The full set of lines below has to be duplicated exactly, with no picture kept.

**DATASET SECTION**

____________

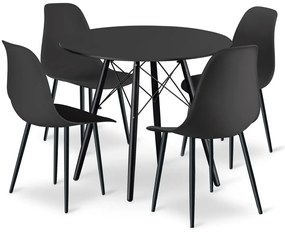 Okrągły czarny stół z 4 krzesłami H0-D06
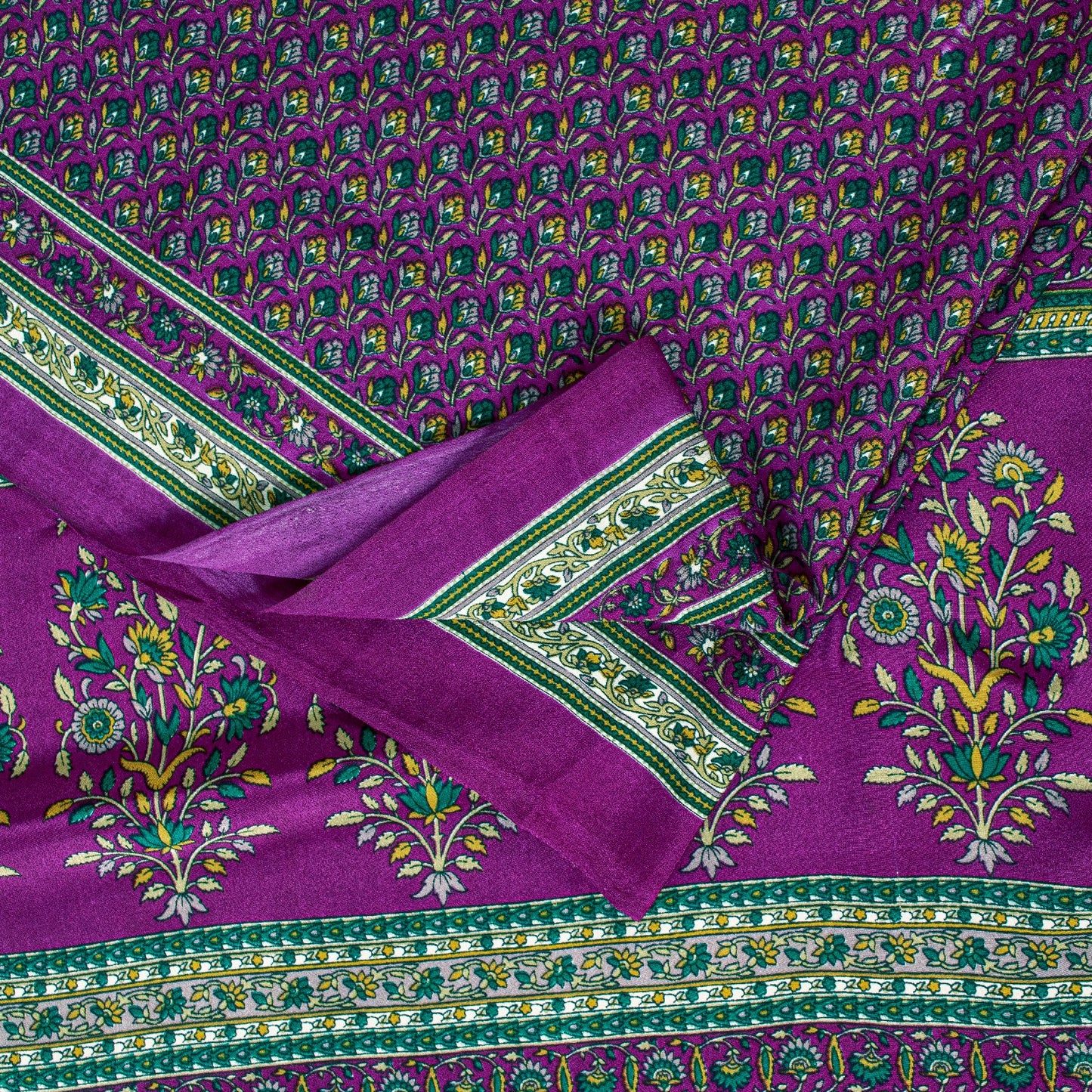 Sanskriti Vintage Craft Supplies Home Deco Purple Floral Printed Sari Moss Crepe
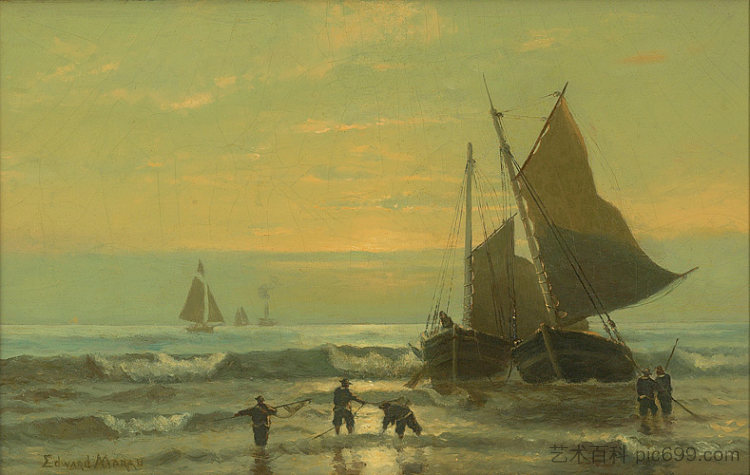 日落时的渔船 Fishing Boats at Sunset (1870)，爱德华·莫兰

____________

**FINAL ANSWER**
 Okrągły czarny stół z 4 krzesłami H0-D06
 Sanskriti Vintage Craft Supplies Home Deco Purple Floral Printed Sari Moss Crepe
 日落时的渔船 Fishing Boats at Sunset (1870)，爱德华·莫兰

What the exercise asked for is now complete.